Every third-party library or contribution that is not original code from a committer is vetted via the IP due diligence process. The IP Team uses a variety of scanning tools to identify the licences involved and check for compatibility with the project’s own licence. When a non-compliant case or a problematic licence is identified, the Foundation has documented procedures for remediation. This might involve working with the project team to replace a dependency or identify a different version. This systematic approach ensures that by the time an Eclipse open source project reaches its release, the licence obligations mentioned in OpenChain have been thoroughly vetted.

Compliance Artifacts and Delivery

OpenChain focuses on the delivery of compliance artifacts. This includes ensuring that the software distribution is accompanied by the necessary licence texts and notices. The Eclipse Project Handbook mandates that all projects include standard legal files and proper copyright headers.

The introduction of the SBOM requirement for OpenChain-compliant projects is the final piece of this puzzle. By requiring a standard-format SBOM, the Eclipse Foundation ensures that downstream adopters and consumers receive a comprehensive inventory of the software. This inventory allows adopters to perform their own risk assessments and ensures that the transparency promised by the Eclipse process is accessible in an automated, industry-standard way.

The Value of Standardised Compliance

The alignment of Eclipse projects with ISO/IEC 5230 is more than a branding exercise; it is a response to the needs of the global software industry. As regulations like the Cyber Resilience Act in Europe and various executive orders in the United States place more pressure on software producers to vouch for their supply chains, having a known-good process is essential.

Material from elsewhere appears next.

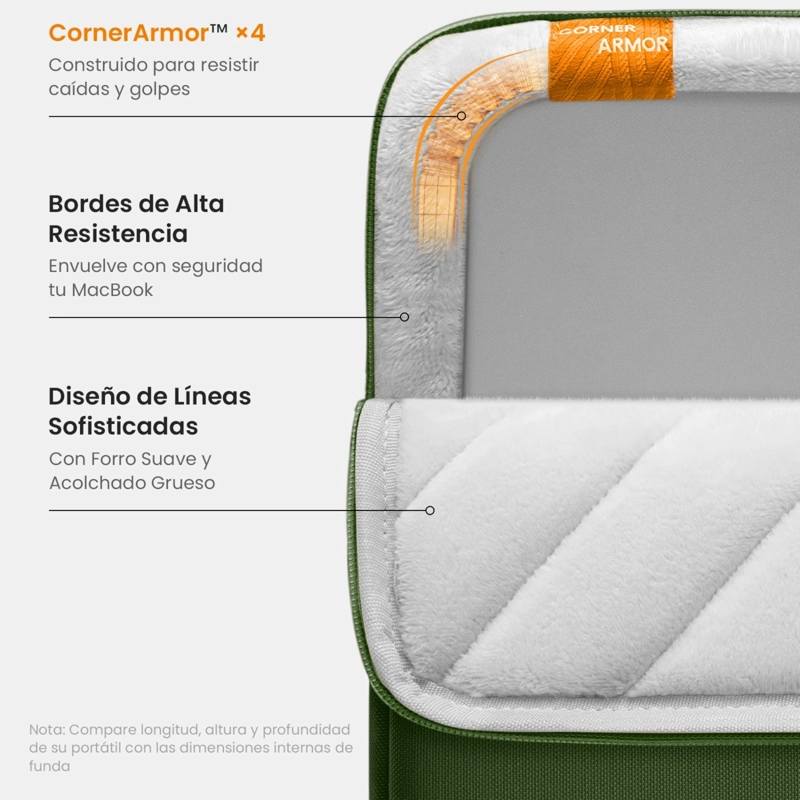 TOMTOC FUNDA DEFENDER-A13 PARA MACBOOK NEO / AIR / PRO DE 13' VERDE - 4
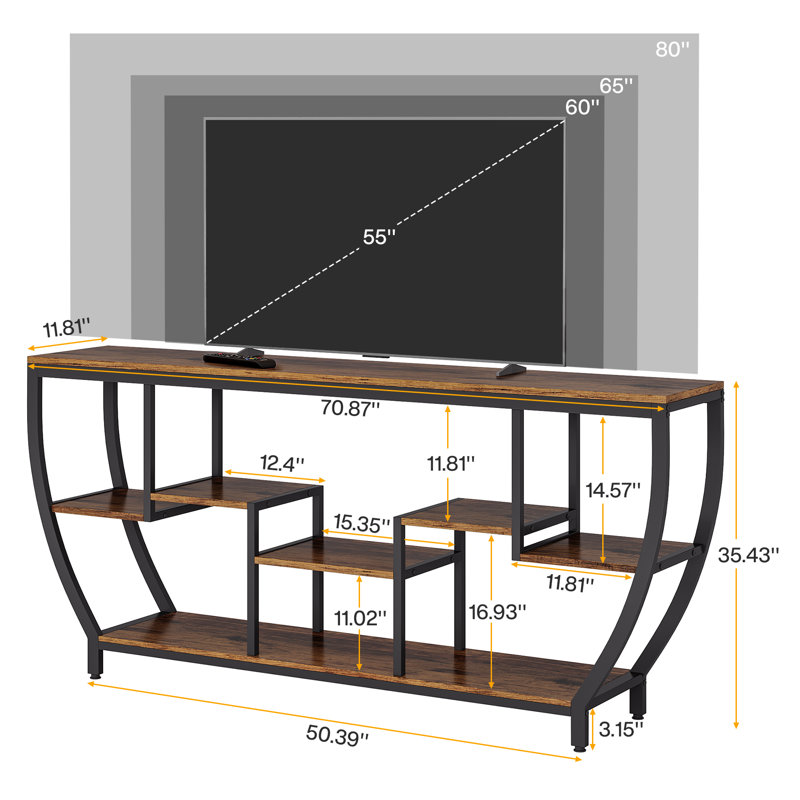 Tv Stand For Tvs Up To 80", Rustic Brown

The Eclipse Foundation’s model is particularly powerful because it relieves individual project teams of much of the administrative burden. By providing the policy framework, the legal expertise, the scanning infrastructure, and the liaison functions, the Foundation allows developers to focus on innovation while remaining within the guardrails of legal safety. When a project lead at the Eclipse Foundation asserts that their project is OpenChain compliant, they are not just making a promise; they are pointing to a verified history of graduation, successful mature-phase progress reviews, and a machine-readable SBOM.

Conclusion

In the world of open source, trust is the ultimate currency. For decades, the Eclipse Foundation has built that trust through a meticulous, hands-on approach to intellectual property. By embracing the OpenChain specification, the Foundation has provided its projects with a way to translate that internal rigour into a globally recognised standard of excellence.

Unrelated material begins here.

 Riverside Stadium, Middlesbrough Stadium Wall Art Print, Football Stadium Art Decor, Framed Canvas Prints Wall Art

The path to compliance is clear: a project must graduate into maturity, maintain its standards through regular progress reviews, and provide the community with an SBOM. This journey, guided by the Eclipse Project Handbook and supported by a dedicated team of experts, ensures that Eclipse projects remain at the forefront of the professional open source movement. As organisations look for certainty in their software supply chains, the combination of Eclipse governance and OpenChain compliance provides a robust, scalable, and dependable solution for the future of digital innovation.